In the Send vs send tutorial, we discussed the usage of send vs Send. We observed that using Send, with pre-allocated arrays is alot faster than using send. Of course, pre-allocating an array is also an operation that is costly, and depending on how many times you call the operation.

%%px
import numpy as np
data = None
if rank == root:
    data = np.arange(comm.size, dtype=np.int32)

We first call scatter-gather as done in the previous section

%%px
%%timeit
recv_data = comm.scatter(data, root=root)
recv_data += 3*rank
gth_data = comm.gather(recv_data, root=root)
[stdout:0] 
82.6 µs ± 494 ns per loop (mean ± std. dev. of 7 runs, 10,000 loops each)
[stdout:1] 
82.6 µs ± 494 ns per loop (mean ± std. dev. of 7 runs, 10,000 loops each)
[stdout:2] 
82.6 µs ± 494 ns per loop (mean ± std. dev. of 7 runs, 10,000 loops each)

Next, we pre-allocate the recv and gather buffers and time the actions

%%px
%%timeit
recv_buffer = np.empty(1, dtype=np.int32)
gth_size = comm.size if rank == 0 else 0
gth_buffer = np.empty(gth_size, dtype=np.int32)
[stdout:0] 
565 ns ± 3.19 ns per loop (mean ± std. dev. of 7 runs, 1,000,000 loops each)
[stdout:1] 
780 ns ± 205 ns per loop (mean ± std. dev. of 7 runs, 1,000,000 loops each)
[stdout:2] 
756 ns ± 223 ns per loop (mean ± std. dev. of 7 runs, 1,000,000 loops each)

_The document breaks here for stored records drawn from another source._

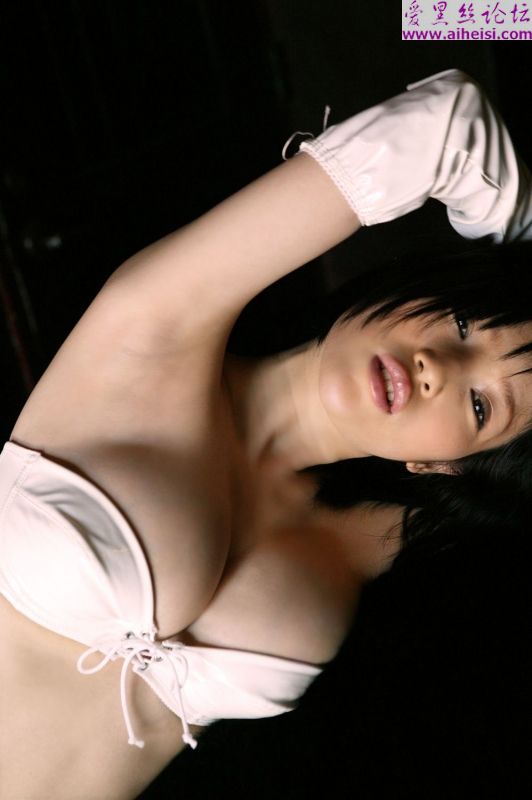 胸罩只能包住1/3的乳房
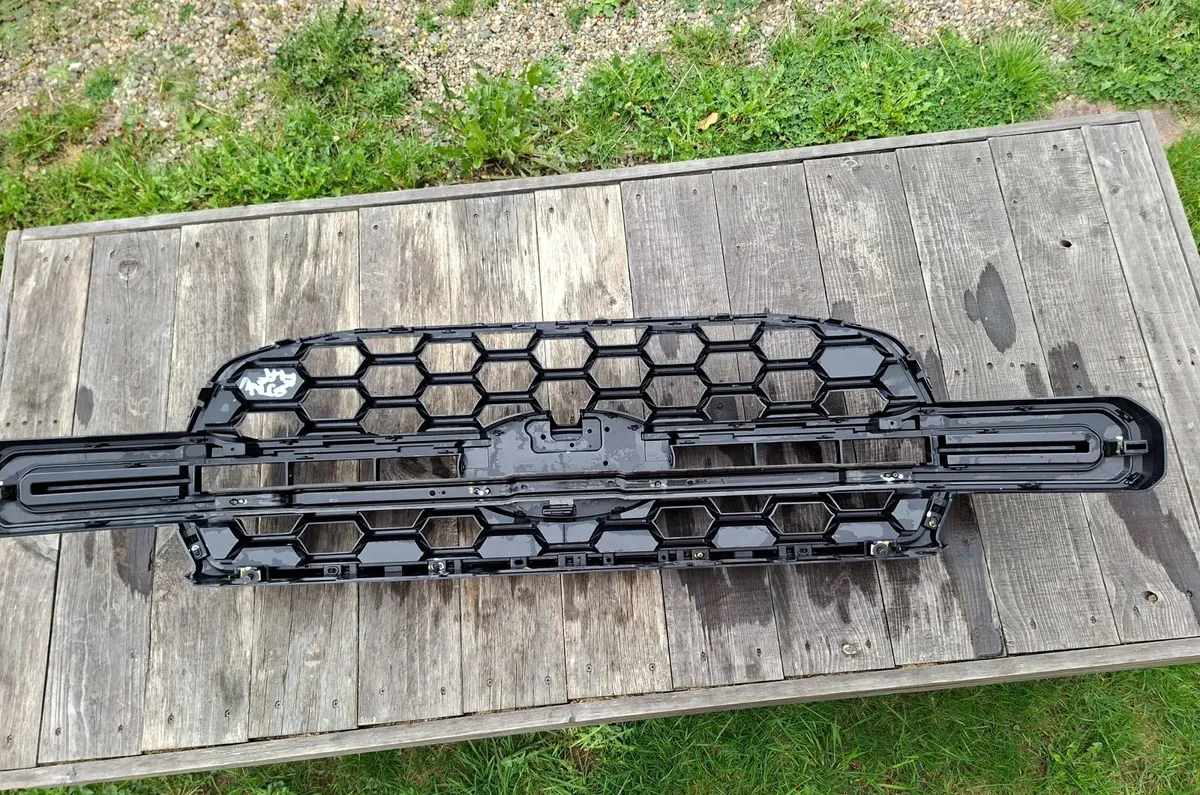 Ford Ranger Wildtrack Front Grill (New model) - Image 4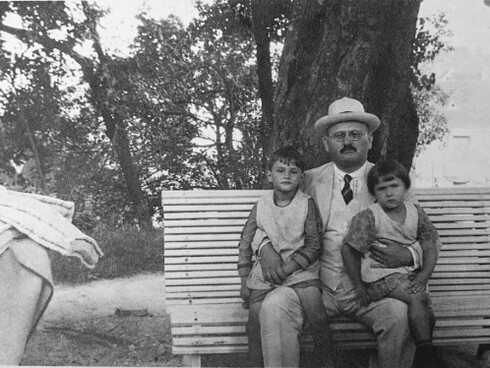 Andrija Štampar with his children
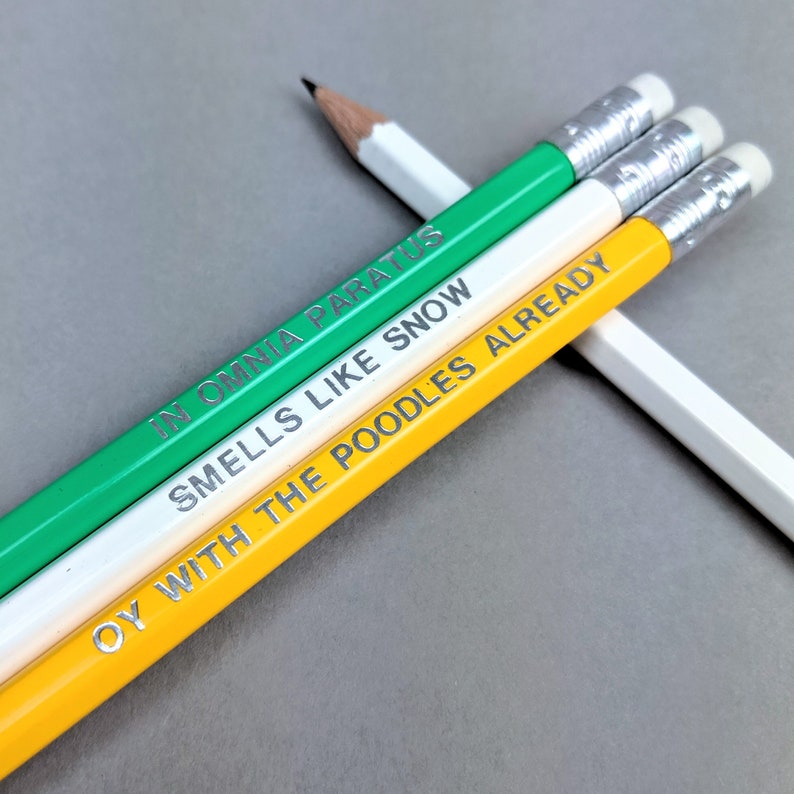 Lorelai Rory Pencil Gift In Omnia Paratus Gilmore Girls Pencil Set Smells Like Snow Tv Show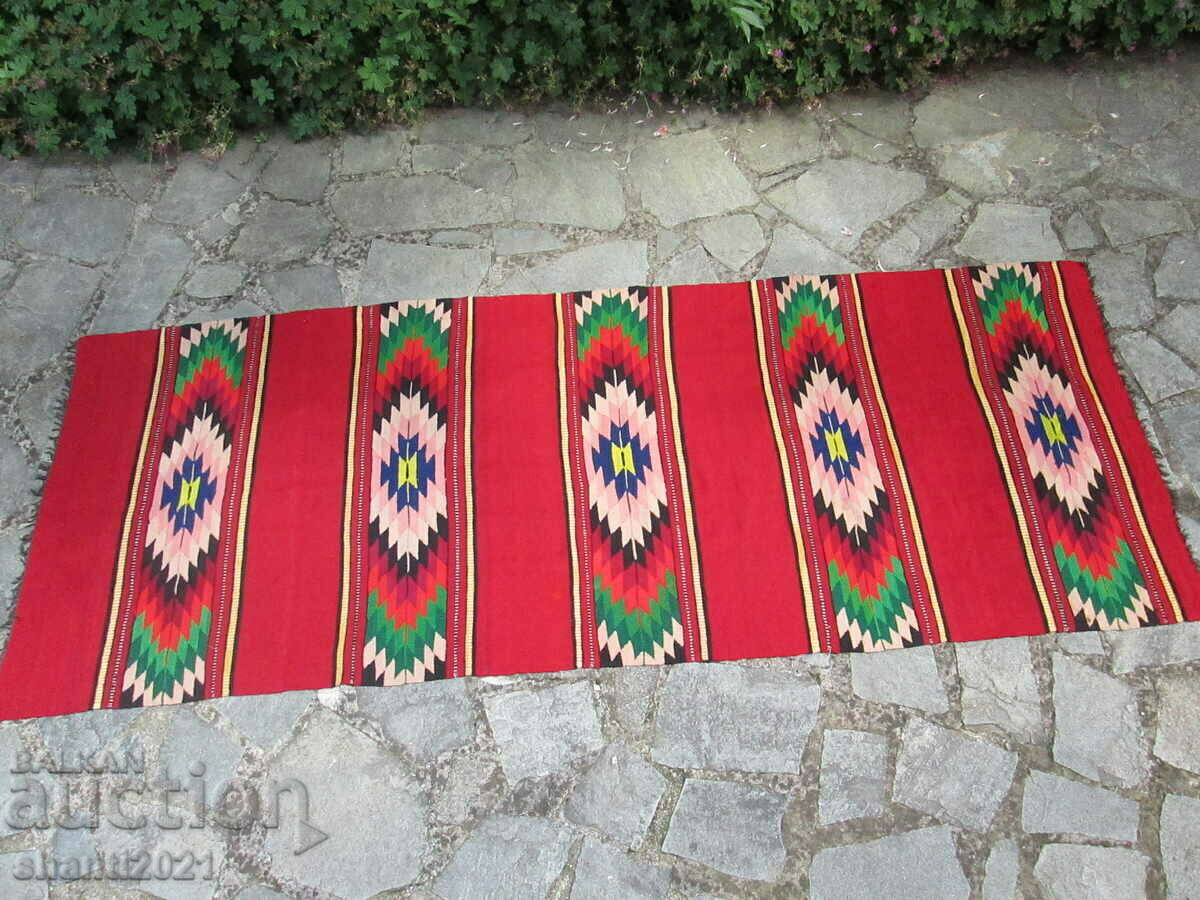 Covor Tetevenski, potecă, lână, cu două fețe, 3,10 x 1,15 m. Covor Tetevenski, potecă, lână, cu două fețe, 3,10 x 1,15 m.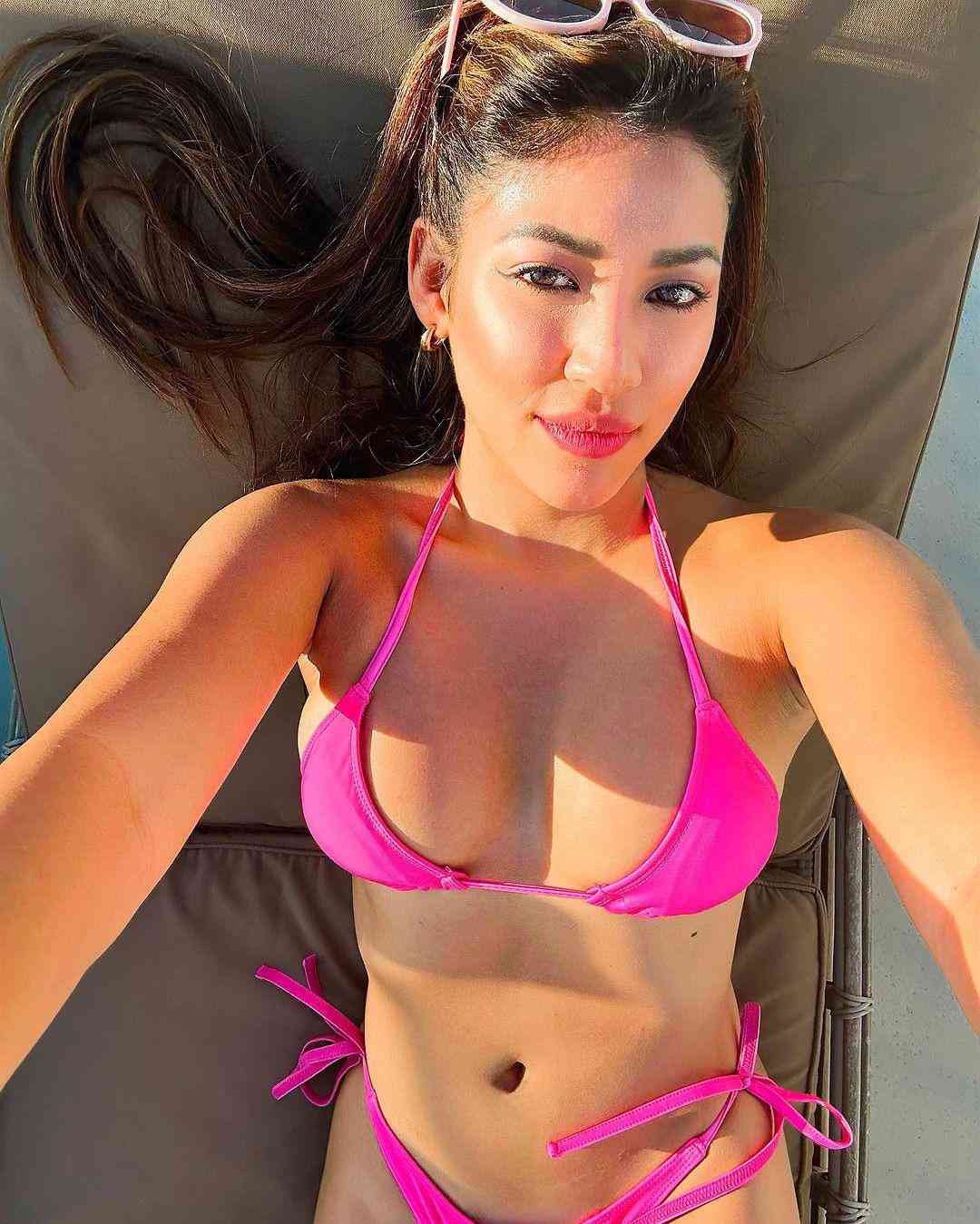 Shivani Singh Pink Bikini Nude PIc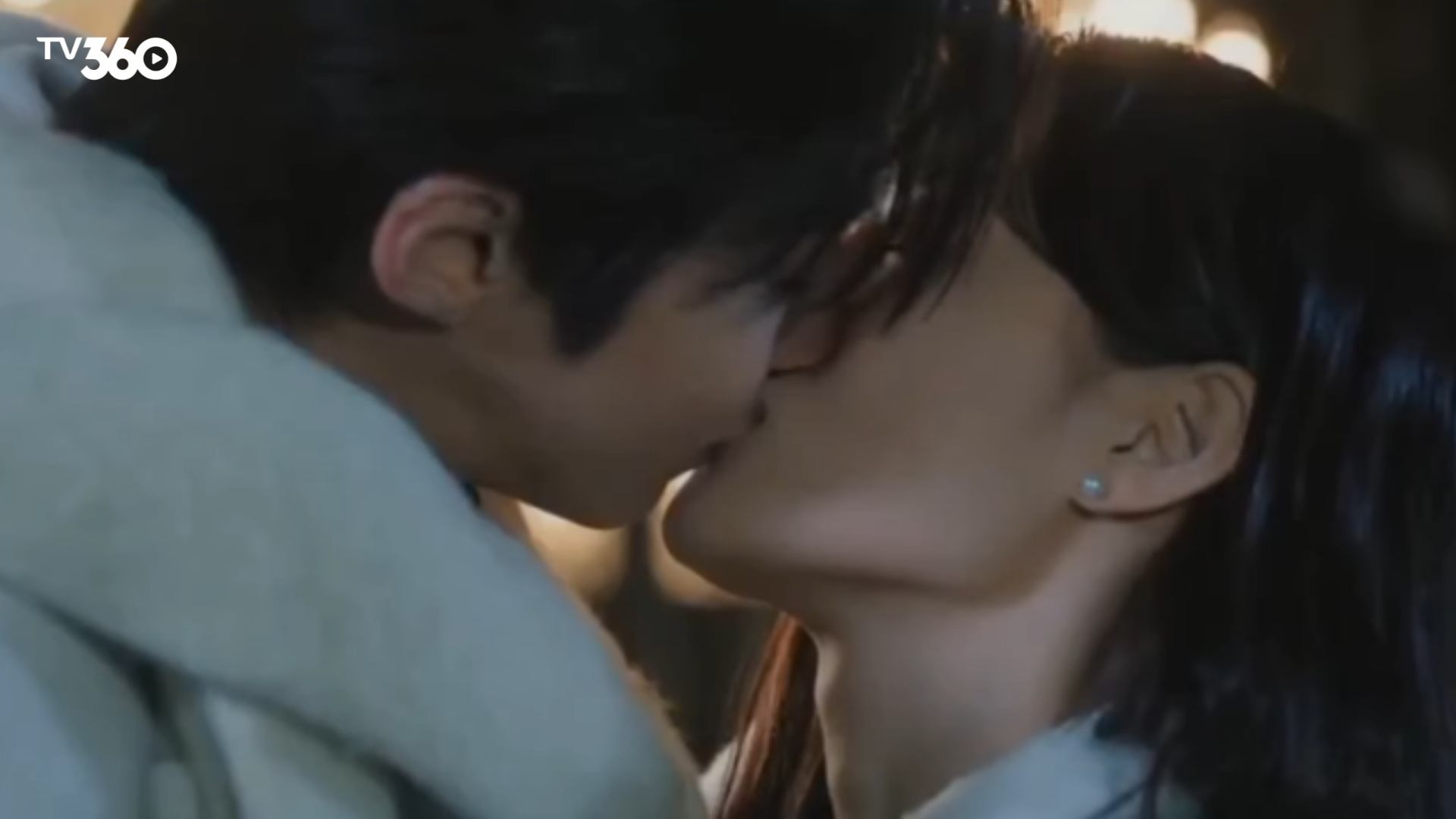 Khoảnh khắc Ah Jin và Jun Seo trao nhau nụ hôn khiến khán giả bất ngờ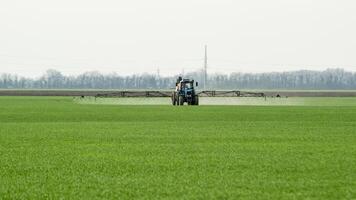 tractor con un rociar dispositivo para finamente disperso fertilizante. foto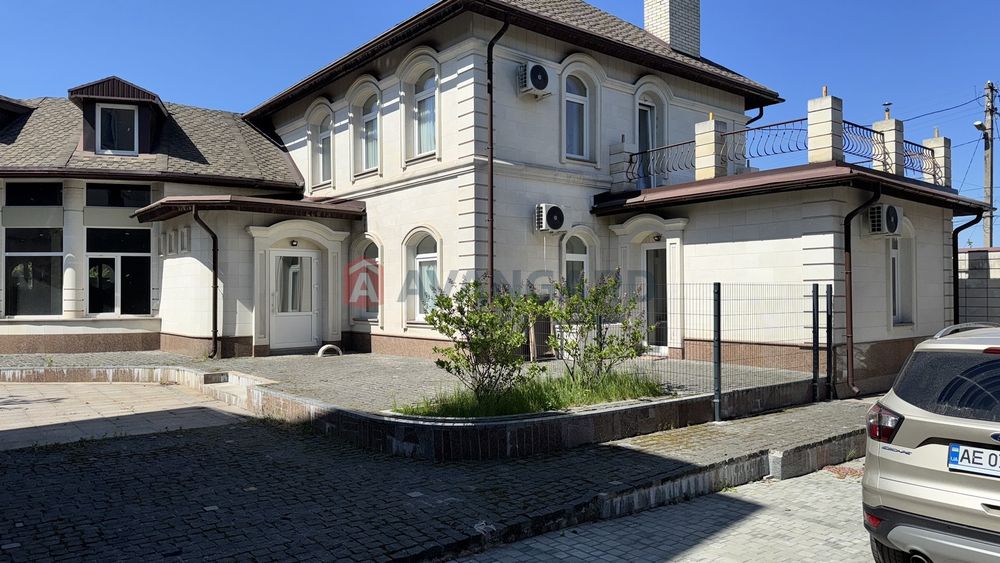 Продаются кв-ры в клубном доме, р-н пр. Гагарина и Ботанического сада,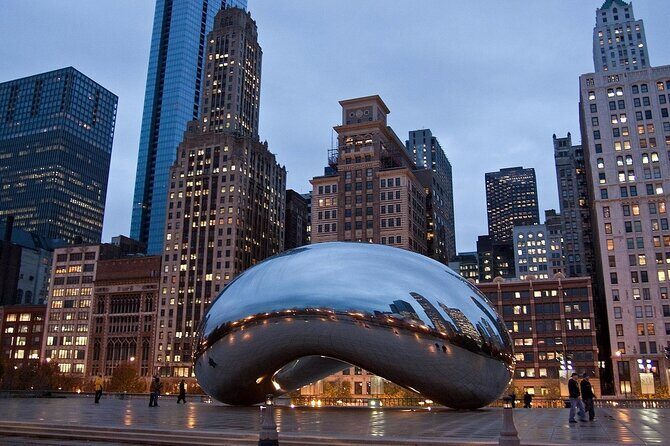 Chicago City Tours - Art Institute, Chicago Cultural Center, and downtown architecture photo stops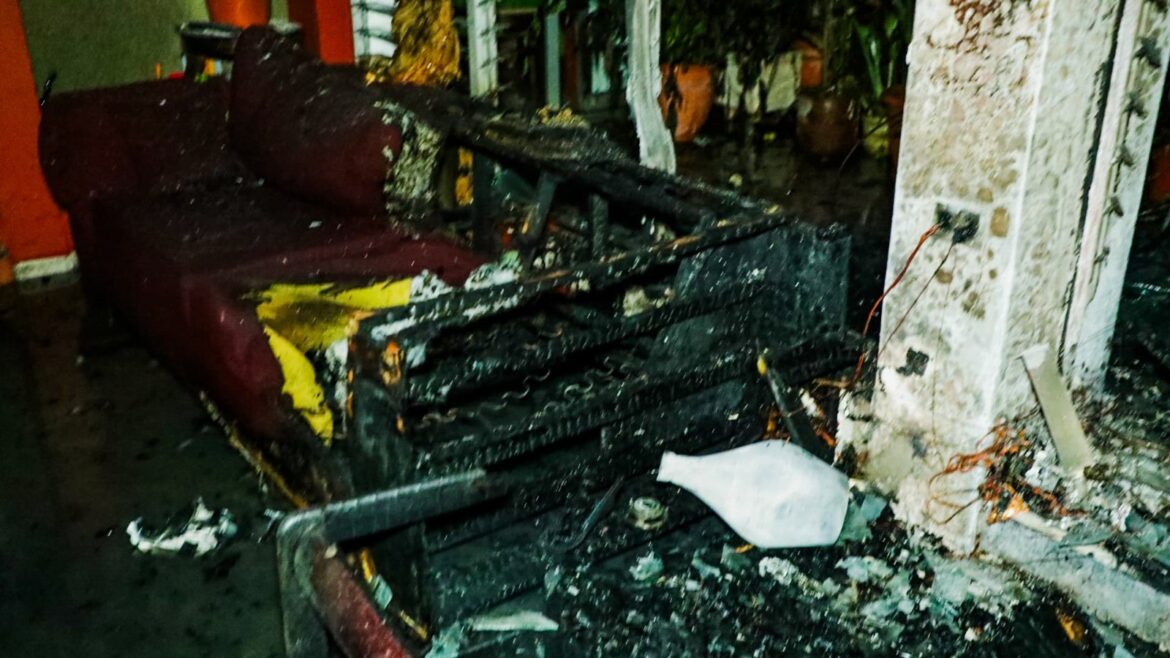 Incendio en vivienda en colonia El Milagro, Lourdes, La Libertad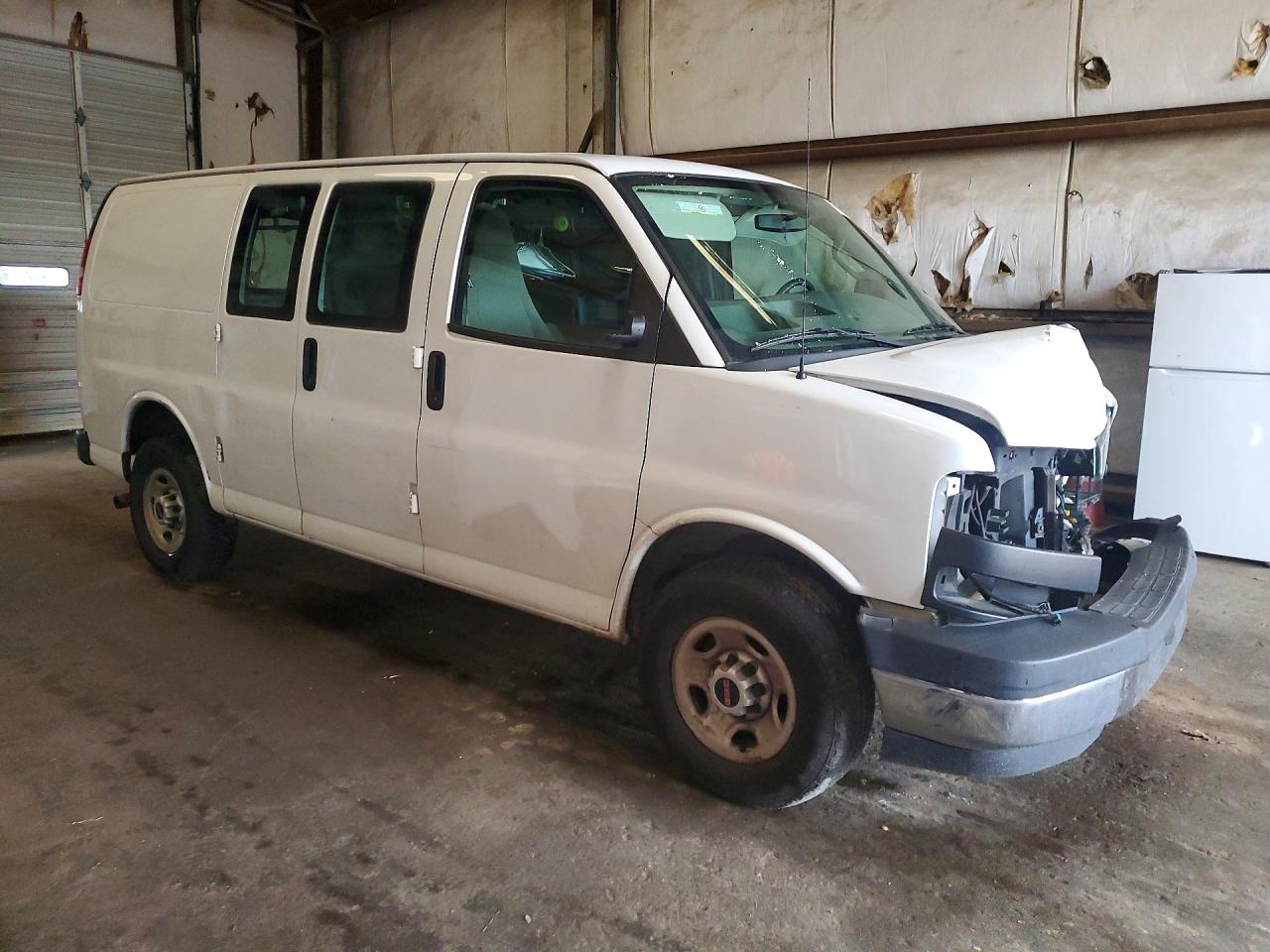 2017 GMC SAVANA G2500 photo 7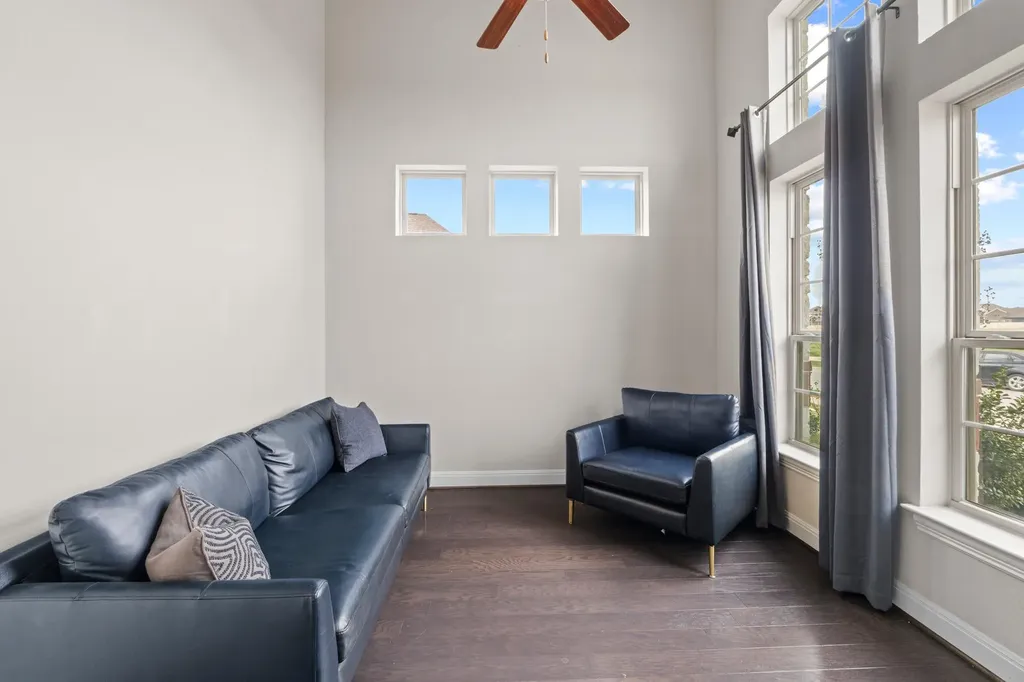 3833 Rhythmic Drive Pflugerville TX 78660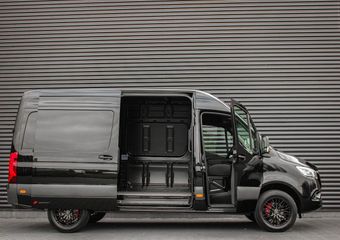 Mercedes-Benz SPRINTER 319CDI L2H2 RWD 190PK FULL BLACK JB- EDITION / 3500KG / NEW / DIRECT RIJDEN / NAVIGATIE / PDC / FULL / LED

As the variables decleared in the %%timeit magic are not persited through the notebook, we re-declare the variable.

%%px
recv_buffer = np.empty(1, dtype=np.int32)
gth_size = comm.size if rank == 0 else 0
gth_buffer = np.empty(gth_size, dtype=np.int32)

Next, we time the allocated Scatter and Gather calls

%%px
%%timeit
comm.Scatter(data, recv_buffer, root=root)
recv_buffer[:] = recv_buffer[:] + 3*rank
comm.Gather(recv_buffer, gth_buffer, root=root)
[stdout:0] 
9.88 µs ± 21.3 ns per loop (mean ± std. dev. of 7 runs, 100,000 loops each)
[stdout:1] 
9.88 µs ± 21.3 ns per loop (mean ± std. dev. of 7 runs, 100,000 loops each)
[stdout:2] 
9.88 µs ± 21.4 ns per loop (mean ± std. dev. of 7 runs, 100,000 loops each)

We also note that Scatter and Gather is significantly faster than its non-captialized counterparts. However, if you only call this operation once, the total run-time of a more complex problem is not going to be very affected by the optimized calls.